Consider carefully if you want to keep the house right now. I mean, if you can easily afford it, fine. Bur of not, consider the following scenario:

(Numbers just for the sake of demonstration)

House worth $300k (let's assume it's paid off for the sake of our example)

Scenario 1: You pay ex $150 k to buy him out

Market stays flat
You decide to move in a couple of years (for a job or new relationship or retirement)
You sell the house for $300k
You pay 6% closing costs, $2k in fixing the house up for sale, and get $282k from the sale of the house. You also have to pay capital gains on $32k of that money. So H got $150k from the house and you only get about $129 k.

Scenario 2:
Market falls and in a couple of years house is only worth $200k

You decide to move (for a job or new relationship or retirement)

You sell the house and pay the 6% seller's costs and $2,000 in repairs to get it ready to sell, so you realize $180k.

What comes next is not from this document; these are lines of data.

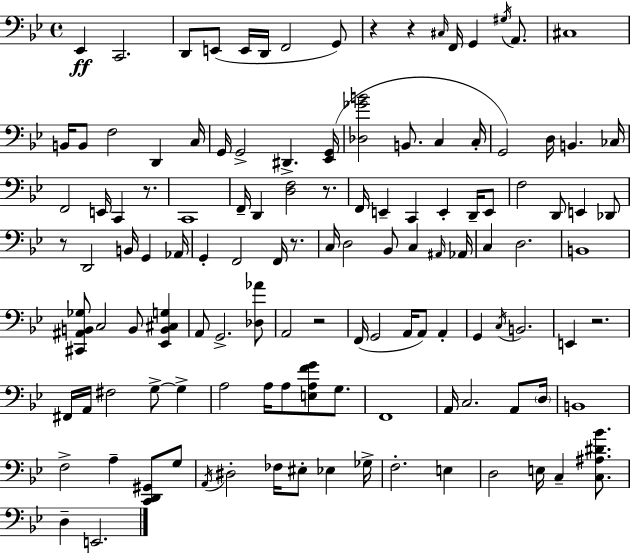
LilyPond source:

{
  \clef bass
  \time 4/4
  \defaultTimeSignature
  \key bes \major
  \repeat volta 2 { ees,4\ff c,2. | d,8 e,8( e,16 d,16 f,2 g,8) | r4 r4 \grace { cis16 } f,16 g,4 \acciaccatura { gis16 } a,8. | cis1 | \break b,16 b,8 f2 d,4 | c16 g,16 g,2-> dis,4.-> | <ees, g,>16( <des ges' b'>2 b,8. c4 | c16-. g,2) d16 b,4. | \break ces16 f,2 e,16 c,4 r8. | c,1 | f,16-- d,4 <d f>2 r8. | f,16 e,4-- c,4 e,4-. d,16-- | \break e,8 f2 d,8 e,4 | des,8 r8 d,2 b,16 g,4 | aes,16 g,4-. f,2 f,16 r8. | c16 d2 bes,8 c4 | \break \grace { ais,16 } aes,16 c4 d2. | b,1 | <cis, ais, b, ges>8 c2 b,8 <ees, b, cis g>4 | a,8 g,2.-> | \break <des aes'>8 a,2 r2 | f,16( g,2 a,16 a,8) a,4-. | g,4 \acciaccatura { c16 } b,2. | e,4 r2. | \break fis,16 a,16 fis2 g8->~~ | g4-> a2 a16 a8 <e a f' g'>8 | g8. f,1 | a,16 c2. | \break a,8 \parenthesize d16 b,1 | f2-> a4-- | <c, d, gis,>8 g8 \acciaccatura { a,16 } dis2-. fes16 eis8-. | ees4 ges16-> f2.-. | \break e4 d2 e16 c4-- | <c ais dis' bes'>8. d4-- e,2. | } \bar "|."
}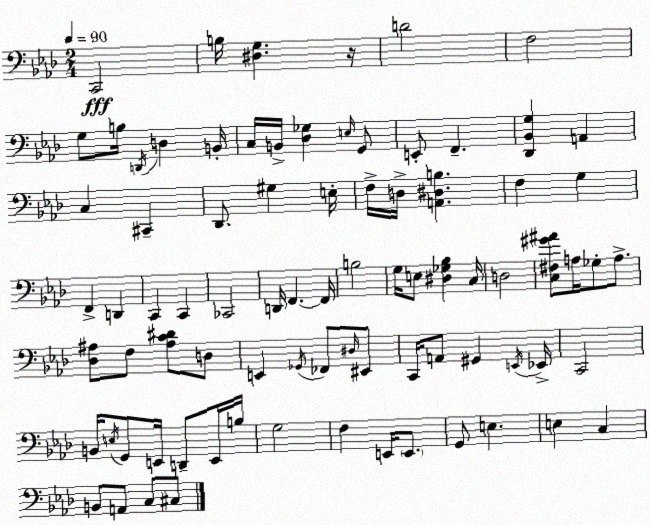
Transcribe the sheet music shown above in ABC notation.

X:1
T:Untitled
M:2/4
L:1/4
K:Ab
C,,2 B,/4 [^D,G,] z/4 D2 F,2 G,/2 B,/4 D,,/4 D, B,,/4 C,/4 B,,/4 [_D,_G,] E,/4 G,,/2 E,,/2 F,, [_D,,_B,,G,] A,, C, ^C,, _D,,/2 ^G, E,/4 F,/4 D,/4 [A,,^D,B,] F, G, F,, D,, C,, C,, _C,,2 D,,/4 F,, F,,/4 B,2 G,/4 E,/2 [^D,_G,_B,] C,/4 D,2 [C,^F,^G^A]/2 A,/4 _G,/2 A,/2 [_D,^A,]/2 F,/2 [^A,C^D]/2 D,/2 E,, _G,,/4 _F,,/2 ^D,/4 ^E,,/2 C,,/4 A,,/2 ^G,, E,,/4 _E,,/4 C,,2 B,,/4 E,/4 G,,/2 E,,/4 D,,/2 E,,/4 B,/4 G,2 F, E,,/4 E,,/2 G,,/2 E, E, C, B,,/2 A,,/2 C,/2 ^C,/2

So basically, your H got $150k from the house, and you only realized $30k from the house.

This is the danger of holding on to your house in a falling market if you are not SURE you can and want to stay in the house for many years.

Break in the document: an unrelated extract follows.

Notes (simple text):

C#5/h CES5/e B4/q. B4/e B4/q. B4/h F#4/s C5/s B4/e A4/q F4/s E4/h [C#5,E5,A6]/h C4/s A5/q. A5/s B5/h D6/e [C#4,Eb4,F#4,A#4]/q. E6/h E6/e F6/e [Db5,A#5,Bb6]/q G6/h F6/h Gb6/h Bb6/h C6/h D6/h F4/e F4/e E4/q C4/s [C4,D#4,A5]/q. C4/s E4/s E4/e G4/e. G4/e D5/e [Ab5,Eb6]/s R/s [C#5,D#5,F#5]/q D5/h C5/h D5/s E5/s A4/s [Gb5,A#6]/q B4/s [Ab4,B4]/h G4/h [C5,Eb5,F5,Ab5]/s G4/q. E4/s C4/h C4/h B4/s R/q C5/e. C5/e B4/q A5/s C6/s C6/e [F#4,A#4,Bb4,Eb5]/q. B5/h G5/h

Another worse scenario is if you hold onto the house but cannot afford it and end up losing it to foreclosure - then you paid H $150k and end up with nothing (hopefully that would not be an issue for you).

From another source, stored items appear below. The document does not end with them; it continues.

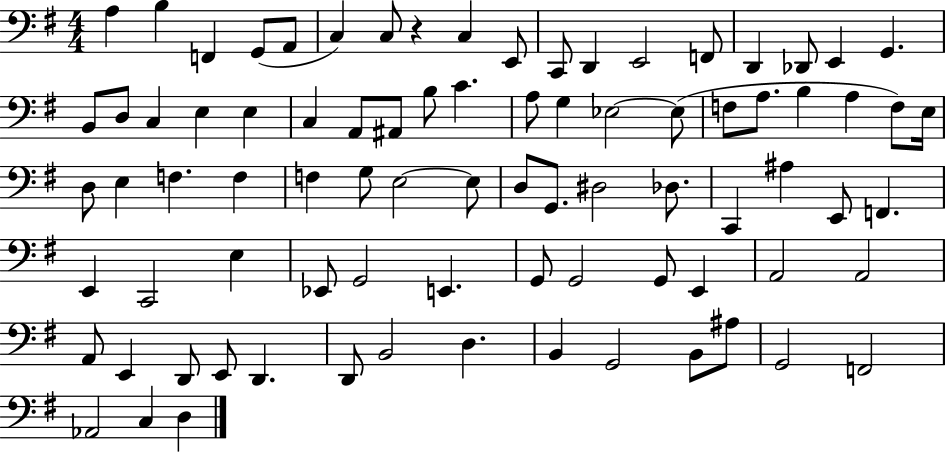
X:1
T:Untitled
M:4/4
L:1/4
K:G
A, B, F,, G,,/2 A,,/2 C, C,/2 z C, E,,/2 C,,/2 D,, E,,2 F,,/2 D,, _D,,/2 E,, G,, B,,/2 D,/2 C, E, E, C, A,,/2 ^A,,/2 B,/2 C A,/2 G, _E,2 _E,/2 F,/2 A,/2 B, A, F,/2 E,/4 D,/2 E, F, F, F, G,/2 E,2 E,/2 D,/2 G,,/2 ^D,2 _D,/2 C,, ^A, E,,/2 F,, E,, C,,2 E, _E,,/2 G,,2 E,, G,,/2 G,,2 G,,/2 E,, A,,2 A,,2 A,,/2 E,, D,,/2 E,,/2 D,, D,,/2 B,,2 D, B,, G,,2 B,,/2 ^A,/2 G,,2 F,,2 _A,,2 C, D,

The question is - would you buy your house today for what it appraises for today? Does that fit into your post-divorce budget? Could you keep it even if he welches on alimony? Can you afford any major repairs that might come up (new sewer line, new roof, new furnace, things like that?) If the answer is no, then you may want to sell the house. If you could afford it at current appraisal without his help and do want to keep it longer term, then get the appraisal soon and buy him out before interest rates go higher.